Data-free Universal Adversarial Perturbation with Pseudo-semantic Prior
Chanhui Lee, Yeonghwan Song, Jeany Son
TL;DR
This work tackles the data-free universal adversarial perturbation (UAP) problem by introducing PSP-UAP, which extracts pseudo-semantic priors directly from the evolving UAP to generate region-based semantic samples without target-domain data. By incorporating input transformations and a sample reweighting scheme guided by KL-divergence, PSP-UAP significantly enhances black-box transferability across diverse CNN architectures on ImageNet, achieving state-of-the-art performance among data-free methods and competitive results relative to data-dependent UAPs. The approach reveals that semantic cues embedded within the UAP can be leveraged as a data substitute, enabling robust universal attacks in data-scarce scenarios. While effective for CNNs, the method shows limited transferability to ViT-based models, pointing to future work on devising black-box strategies for transformer architectures and further defenses against such data-free perturbations.
Abstract
Data-free Universal Adversarial Perturbation (UAP) is an image-agnostic adversarial attack that deceives deep neural networks using a single perturbation generated solely from random noise without relying on data priors. However, traditional data-free UAP methods often suffer from limited transferability due to the absence of semantic content in random noise. To address this issue, we propose a novel data-free universal attack method that recursively extracts pseudo-semantic priors directly from the UAPs during training to enrich the semantic content within the data-free UAP framework.

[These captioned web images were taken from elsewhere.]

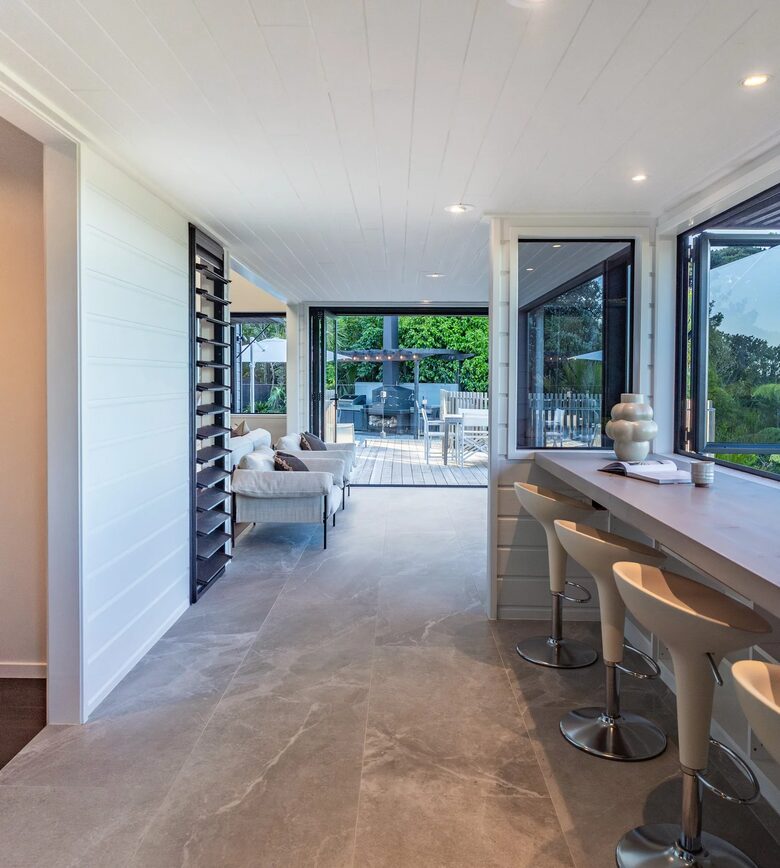 Forest Estate Retreat Minutes from Tara iti and Te Arai Links Golf - Te Arai, New Zealand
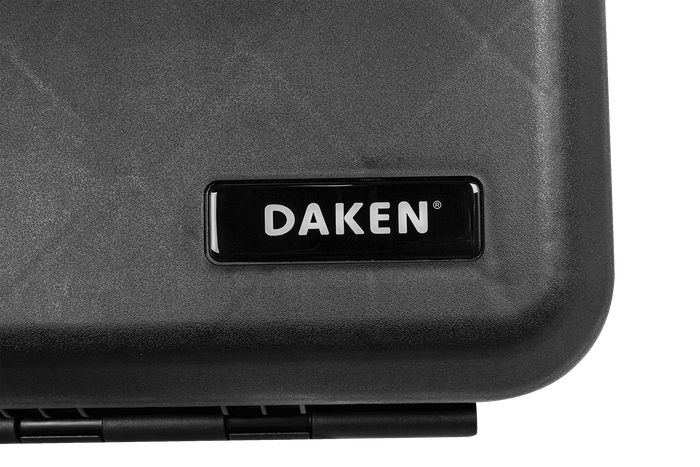 DAKEN 81204 ARKA caja de herramientas 655x450x470mm 74l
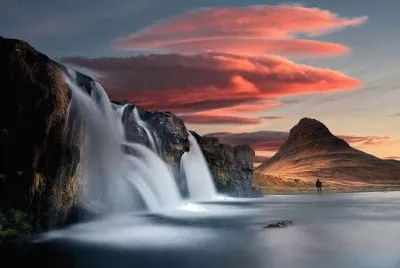 פאזל של paisaje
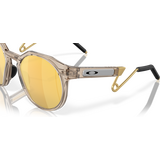 Oakley HSTN Metal, Sepia w/ Prizm 24K Polarized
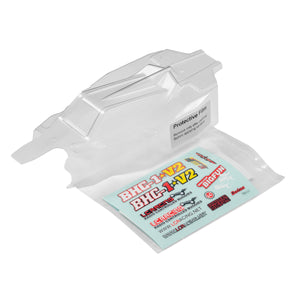 L5090 BHC-1 V2 Body (Clear)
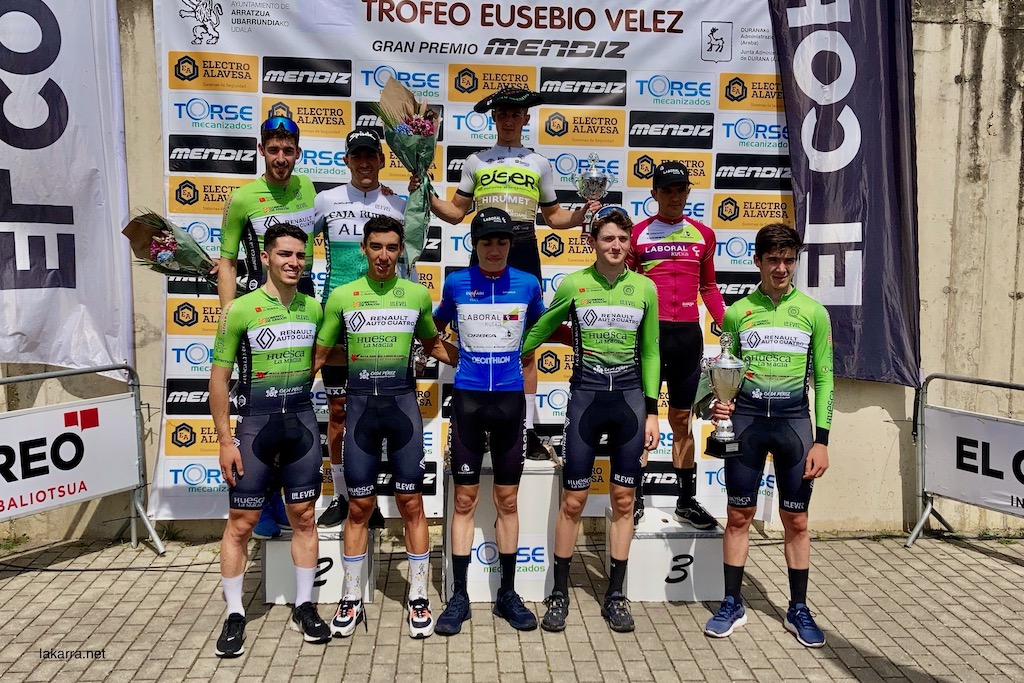 Fotos Eusebio Velez Durana 2022 23 1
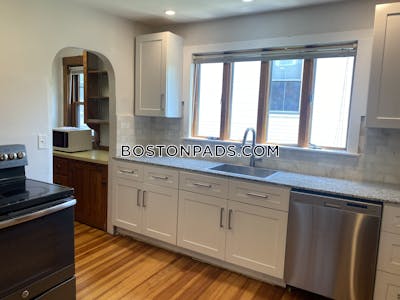 Somerville 4 Beds 1 Bath  Tufts - $5,750 No Fee
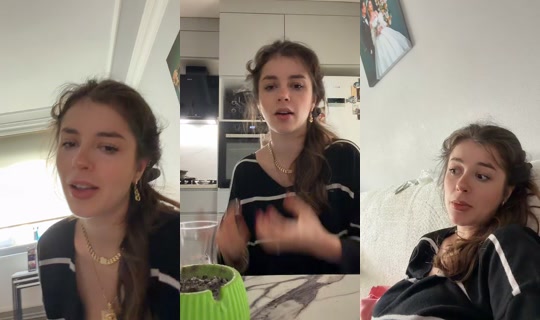 canank111 TikTok Live — Oct 8, 2026, 11:15 AM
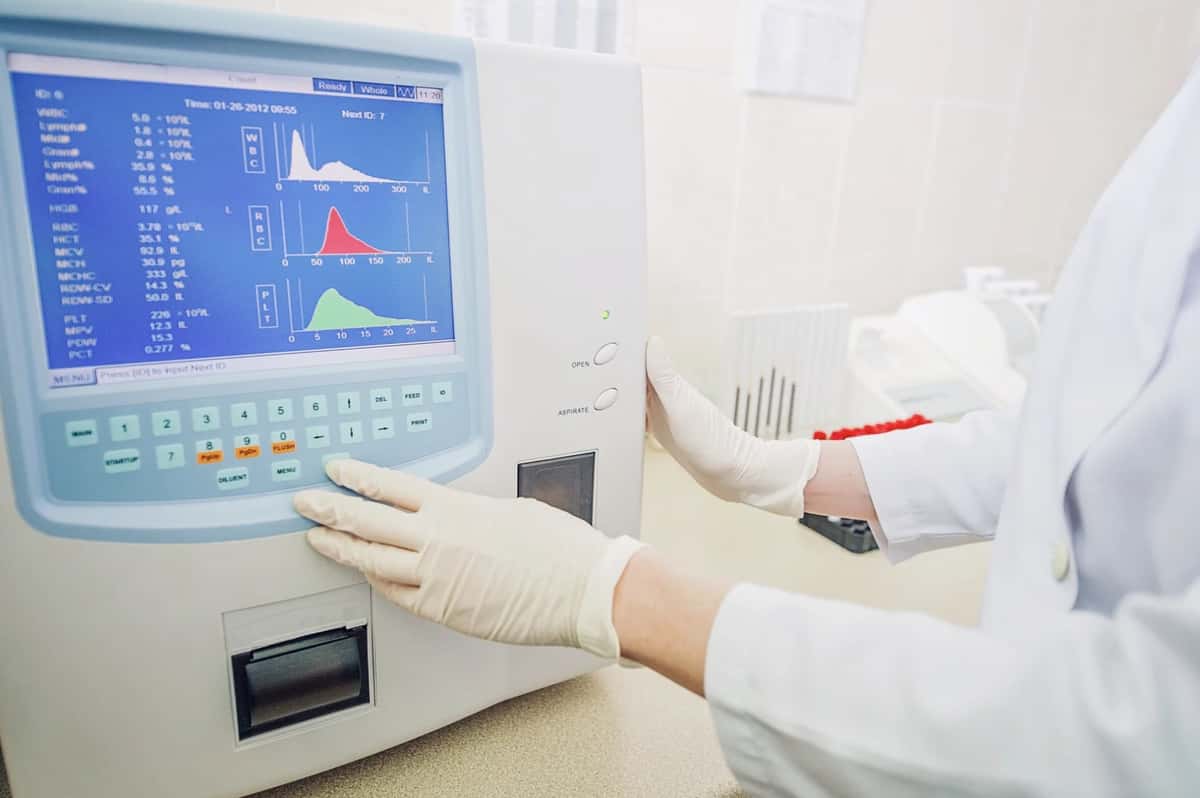 New Research Claims That AI Can Zero In On COVID-19 Symptoms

Our approach effectively leverages latent semantic information within UAPs via region sampling, enabling successful input transformations-typically ineffective in traditional data-free UAP methods due to the lack of semantic cues-and significantly enhancing black-box transferability. Furthermore, we introduce a sample reweighting technique to mitigate potential imbalances from random sampling and transformations, emphasizing hard examples less affected by the UAPs. Comprehensive experiments on ImageNet show that our method achieves state-of-the-art performance in average fooling rate by a substantial margin, notably improves attack transferability across various CNN architectures compared to existing data-free UAP methods, and even surpasses data-dependent UAP methods. Code is available at: https://github.com/ChnanChan/PSP-UAP.